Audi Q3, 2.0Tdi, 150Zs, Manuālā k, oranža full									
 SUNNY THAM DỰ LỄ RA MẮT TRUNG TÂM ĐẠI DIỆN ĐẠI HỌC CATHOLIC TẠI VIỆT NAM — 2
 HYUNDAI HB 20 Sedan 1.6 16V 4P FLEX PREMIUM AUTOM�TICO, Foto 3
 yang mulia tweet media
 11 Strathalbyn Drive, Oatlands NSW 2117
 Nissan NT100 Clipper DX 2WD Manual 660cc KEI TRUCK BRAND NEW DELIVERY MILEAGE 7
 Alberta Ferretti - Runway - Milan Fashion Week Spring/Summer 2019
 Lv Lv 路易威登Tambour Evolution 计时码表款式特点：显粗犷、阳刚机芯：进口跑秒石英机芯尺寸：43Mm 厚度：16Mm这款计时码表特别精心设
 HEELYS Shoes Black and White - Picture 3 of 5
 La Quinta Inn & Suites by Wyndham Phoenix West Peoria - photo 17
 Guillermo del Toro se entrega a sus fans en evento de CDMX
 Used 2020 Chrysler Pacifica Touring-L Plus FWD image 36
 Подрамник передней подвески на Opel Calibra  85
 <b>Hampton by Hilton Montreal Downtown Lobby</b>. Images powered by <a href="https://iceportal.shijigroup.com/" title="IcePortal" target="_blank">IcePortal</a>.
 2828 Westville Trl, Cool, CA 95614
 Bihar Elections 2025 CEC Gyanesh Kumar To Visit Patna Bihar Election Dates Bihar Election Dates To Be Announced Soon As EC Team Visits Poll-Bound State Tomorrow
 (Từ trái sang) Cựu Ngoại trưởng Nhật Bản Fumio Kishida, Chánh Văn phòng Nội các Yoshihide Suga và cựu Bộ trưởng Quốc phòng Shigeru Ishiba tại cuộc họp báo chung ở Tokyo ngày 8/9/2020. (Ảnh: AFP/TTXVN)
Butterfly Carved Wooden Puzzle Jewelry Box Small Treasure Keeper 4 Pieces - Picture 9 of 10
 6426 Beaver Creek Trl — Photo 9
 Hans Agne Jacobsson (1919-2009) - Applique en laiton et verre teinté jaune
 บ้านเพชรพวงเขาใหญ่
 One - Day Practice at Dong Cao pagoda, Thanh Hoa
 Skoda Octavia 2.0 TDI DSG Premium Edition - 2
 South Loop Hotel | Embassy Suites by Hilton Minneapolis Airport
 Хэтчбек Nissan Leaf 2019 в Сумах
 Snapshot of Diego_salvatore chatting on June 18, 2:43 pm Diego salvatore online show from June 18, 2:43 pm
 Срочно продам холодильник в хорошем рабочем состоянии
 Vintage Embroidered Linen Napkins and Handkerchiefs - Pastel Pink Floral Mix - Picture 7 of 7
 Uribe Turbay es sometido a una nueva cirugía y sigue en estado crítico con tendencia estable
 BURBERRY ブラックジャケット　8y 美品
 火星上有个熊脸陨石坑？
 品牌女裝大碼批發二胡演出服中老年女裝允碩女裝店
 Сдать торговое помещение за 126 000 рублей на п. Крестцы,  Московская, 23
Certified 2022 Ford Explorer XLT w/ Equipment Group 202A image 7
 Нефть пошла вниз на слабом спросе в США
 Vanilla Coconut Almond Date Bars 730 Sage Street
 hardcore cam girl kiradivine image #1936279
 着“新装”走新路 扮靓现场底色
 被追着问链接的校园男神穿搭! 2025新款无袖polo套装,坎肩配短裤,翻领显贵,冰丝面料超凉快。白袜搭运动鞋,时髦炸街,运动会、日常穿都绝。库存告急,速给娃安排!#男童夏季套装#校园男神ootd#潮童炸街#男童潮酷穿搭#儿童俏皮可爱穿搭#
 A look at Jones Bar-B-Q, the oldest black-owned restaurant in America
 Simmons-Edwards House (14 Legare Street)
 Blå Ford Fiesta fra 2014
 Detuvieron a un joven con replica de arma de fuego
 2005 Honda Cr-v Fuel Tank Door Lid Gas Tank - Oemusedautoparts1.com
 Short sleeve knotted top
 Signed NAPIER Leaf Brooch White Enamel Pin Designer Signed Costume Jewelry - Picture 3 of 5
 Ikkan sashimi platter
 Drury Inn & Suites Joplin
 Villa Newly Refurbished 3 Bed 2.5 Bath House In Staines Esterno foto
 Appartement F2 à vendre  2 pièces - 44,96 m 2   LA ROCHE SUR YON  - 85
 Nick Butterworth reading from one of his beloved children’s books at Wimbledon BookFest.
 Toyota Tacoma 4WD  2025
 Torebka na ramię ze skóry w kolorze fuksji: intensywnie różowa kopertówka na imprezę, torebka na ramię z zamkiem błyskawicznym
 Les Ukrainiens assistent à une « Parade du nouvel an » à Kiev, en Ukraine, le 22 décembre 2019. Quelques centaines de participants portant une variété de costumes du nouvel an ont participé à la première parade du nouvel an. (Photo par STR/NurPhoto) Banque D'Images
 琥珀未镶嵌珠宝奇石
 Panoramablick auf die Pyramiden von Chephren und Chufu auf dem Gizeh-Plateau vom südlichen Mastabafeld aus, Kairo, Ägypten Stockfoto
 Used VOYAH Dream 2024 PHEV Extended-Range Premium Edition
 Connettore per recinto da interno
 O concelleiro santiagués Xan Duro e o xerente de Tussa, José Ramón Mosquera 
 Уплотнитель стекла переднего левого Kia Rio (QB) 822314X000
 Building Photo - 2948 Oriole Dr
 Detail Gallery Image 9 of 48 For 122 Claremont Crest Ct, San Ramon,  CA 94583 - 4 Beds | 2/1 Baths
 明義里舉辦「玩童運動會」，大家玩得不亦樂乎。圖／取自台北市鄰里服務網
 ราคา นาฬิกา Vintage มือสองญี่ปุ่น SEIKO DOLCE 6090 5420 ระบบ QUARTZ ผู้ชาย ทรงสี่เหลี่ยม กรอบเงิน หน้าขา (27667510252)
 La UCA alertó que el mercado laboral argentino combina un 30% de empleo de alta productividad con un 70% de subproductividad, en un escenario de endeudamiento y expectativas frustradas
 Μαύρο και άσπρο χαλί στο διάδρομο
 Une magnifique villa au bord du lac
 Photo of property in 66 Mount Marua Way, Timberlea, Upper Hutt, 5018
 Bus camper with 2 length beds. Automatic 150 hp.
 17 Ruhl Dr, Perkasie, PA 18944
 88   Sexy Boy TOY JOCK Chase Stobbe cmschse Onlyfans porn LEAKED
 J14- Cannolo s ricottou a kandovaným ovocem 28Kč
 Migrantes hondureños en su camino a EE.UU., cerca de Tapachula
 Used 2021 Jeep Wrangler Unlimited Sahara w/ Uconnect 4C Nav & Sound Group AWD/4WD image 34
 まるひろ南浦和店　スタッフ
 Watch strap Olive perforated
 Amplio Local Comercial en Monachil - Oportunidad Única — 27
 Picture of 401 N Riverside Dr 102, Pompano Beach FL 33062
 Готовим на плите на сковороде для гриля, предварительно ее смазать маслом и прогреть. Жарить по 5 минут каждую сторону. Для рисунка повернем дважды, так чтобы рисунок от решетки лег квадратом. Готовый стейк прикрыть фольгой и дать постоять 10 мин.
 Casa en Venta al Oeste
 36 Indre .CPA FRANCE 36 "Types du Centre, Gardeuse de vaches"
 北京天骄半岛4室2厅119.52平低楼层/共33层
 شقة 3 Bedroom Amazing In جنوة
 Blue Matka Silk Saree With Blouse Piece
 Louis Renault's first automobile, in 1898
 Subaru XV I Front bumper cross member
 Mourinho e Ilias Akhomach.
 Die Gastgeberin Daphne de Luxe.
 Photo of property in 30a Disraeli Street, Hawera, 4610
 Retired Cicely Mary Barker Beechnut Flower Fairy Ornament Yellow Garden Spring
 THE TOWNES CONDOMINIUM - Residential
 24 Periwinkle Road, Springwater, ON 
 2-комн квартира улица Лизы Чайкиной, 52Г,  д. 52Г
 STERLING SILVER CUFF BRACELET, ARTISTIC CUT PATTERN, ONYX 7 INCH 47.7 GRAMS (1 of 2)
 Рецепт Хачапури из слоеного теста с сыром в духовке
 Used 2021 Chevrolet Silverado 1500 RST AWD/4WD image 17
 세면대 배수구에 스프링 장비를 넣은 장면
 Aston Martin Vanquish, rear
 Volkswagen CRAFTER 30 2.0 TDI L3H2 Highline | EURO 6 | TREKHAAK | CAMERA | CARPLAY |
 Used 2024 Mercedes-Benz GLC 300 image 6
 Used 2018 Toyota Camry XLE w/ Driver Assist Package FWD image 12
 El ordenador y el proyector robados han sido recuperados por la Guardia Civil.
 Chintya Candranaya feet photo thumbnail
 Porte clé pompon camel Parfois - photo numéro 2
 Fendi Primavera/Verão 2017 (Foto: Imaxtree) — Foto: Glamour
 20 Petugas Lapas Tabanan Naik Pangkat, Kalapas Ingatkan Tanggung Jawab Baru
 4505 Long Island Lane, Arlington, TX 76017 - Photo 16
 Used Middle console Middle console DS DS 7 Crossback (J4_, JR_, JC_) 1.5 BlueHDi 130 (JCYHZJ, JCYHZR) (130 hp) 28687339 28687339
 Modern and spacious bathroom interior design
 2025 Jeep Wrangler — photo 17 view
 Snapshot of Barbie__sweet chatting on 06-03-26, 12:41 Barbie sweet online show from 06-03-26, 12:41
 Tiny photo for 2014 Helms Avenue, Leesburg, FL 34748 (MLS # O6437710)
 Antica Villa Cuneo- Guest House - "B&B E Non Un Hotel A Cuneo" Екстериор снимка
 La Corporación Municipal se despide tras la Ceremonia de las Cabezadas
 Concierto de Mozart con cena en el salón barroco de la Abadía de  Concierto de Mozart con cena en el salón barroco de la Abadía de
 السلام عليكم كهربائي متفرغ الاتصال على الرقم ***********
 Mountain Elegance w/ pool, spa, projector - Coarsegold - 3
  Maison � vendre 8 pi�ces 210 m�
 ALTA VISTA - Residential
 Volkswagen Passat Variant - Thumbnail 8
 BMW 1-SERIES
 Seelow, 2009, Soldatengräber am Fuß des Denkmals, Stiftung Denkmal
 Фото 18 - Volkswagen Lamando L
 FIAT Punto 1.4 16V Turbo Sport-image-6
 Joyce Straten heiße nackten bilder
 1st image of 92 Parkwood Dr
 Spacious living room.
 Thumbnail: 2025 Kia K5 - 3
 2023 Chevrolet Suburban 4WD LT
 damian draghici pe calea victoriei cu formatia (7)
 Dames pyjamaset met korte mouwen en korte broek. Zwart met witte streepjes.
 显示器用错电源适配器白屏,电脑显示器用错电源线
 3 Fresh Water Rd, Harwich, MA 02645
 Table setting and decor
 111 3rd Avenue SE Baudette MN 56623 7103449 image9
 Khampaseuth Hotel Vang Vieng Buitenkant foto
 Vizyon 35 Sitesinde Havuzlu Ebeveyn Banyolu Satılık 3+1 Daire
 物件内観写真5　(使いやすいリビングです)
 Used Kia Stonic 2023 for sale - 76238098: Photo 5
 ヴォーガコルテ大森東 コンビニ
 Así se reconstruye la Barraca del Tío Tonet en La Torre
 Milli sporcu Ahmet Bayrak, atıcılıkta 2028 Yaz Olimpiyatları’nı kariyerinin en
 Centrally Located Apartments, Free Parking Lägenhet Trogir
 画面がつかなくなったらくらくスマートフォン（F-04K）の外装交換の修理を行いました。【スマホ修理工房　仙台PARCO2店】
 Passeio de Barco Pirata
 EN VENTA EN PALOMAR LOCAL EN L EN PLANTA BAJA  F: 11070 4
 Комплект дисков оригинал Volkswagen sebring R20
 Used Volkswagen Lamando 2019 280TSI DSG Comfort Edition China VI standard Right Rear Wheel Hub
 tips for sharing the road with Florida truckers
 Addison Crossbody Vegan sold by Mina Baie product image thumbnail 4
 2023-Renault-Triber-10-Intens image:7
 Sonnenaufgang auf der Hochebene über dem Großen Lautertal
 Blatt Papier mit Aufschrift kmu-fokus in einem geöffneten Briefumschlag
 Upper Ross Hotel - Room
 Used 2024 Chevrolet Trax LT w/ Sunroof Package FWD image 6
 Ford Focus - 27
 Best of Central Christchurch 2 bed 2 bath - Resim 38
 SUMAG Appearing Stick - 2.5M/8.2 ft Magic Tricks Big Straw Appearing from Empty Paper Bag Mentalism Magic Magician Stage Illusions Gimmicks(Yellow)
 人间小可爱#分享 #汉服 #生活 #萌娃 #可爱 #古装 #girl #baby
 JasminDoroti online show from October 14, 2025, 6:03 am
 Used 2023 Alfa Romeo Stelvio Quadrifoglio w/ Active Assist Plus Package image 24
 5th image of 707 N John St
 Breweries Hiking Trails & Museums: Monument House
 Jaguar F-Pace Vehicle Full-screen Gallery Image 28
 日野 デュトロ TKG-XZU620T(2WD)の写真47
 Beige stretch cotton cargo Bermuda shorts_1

● Your assignment
Restate word for word the entries above, starting at the line with "Photo of property in 66" and ending at the line with "Picture of 401", inclusive, and no others.

● Solution to this problem
 Photo of property in 66 Mount Marua Way, Timberlea, Upper Hutt, 5018
 Bus camper with 2 length beds. Automatic 150 hp.
 17 Ruhl Dr, Perkasie, PA 18944
 88   Sexy Boy TOY JOCK Chase Stobbe cmschse Onlyfans porn LEAKED
 J14- Cannolo s ricottou a kandovaným ovocem 28Kč
 Migrantes hondureños en su camino a EE.UU., cerca de Tapachula
 Used 2021 Jeep Wrangler Unlimited Sahara w/ Uconnect 4C Nav & Sound Group AWD/4WD image 34
 まるひろ南浦和店　スタッフ
 Watch strap Olive perforated
 Amplio Local Comercial en Monachil - Oportunidad Única — 27
 Picture of 401 N Riverside Dr 102, Pompano Beach FL 33062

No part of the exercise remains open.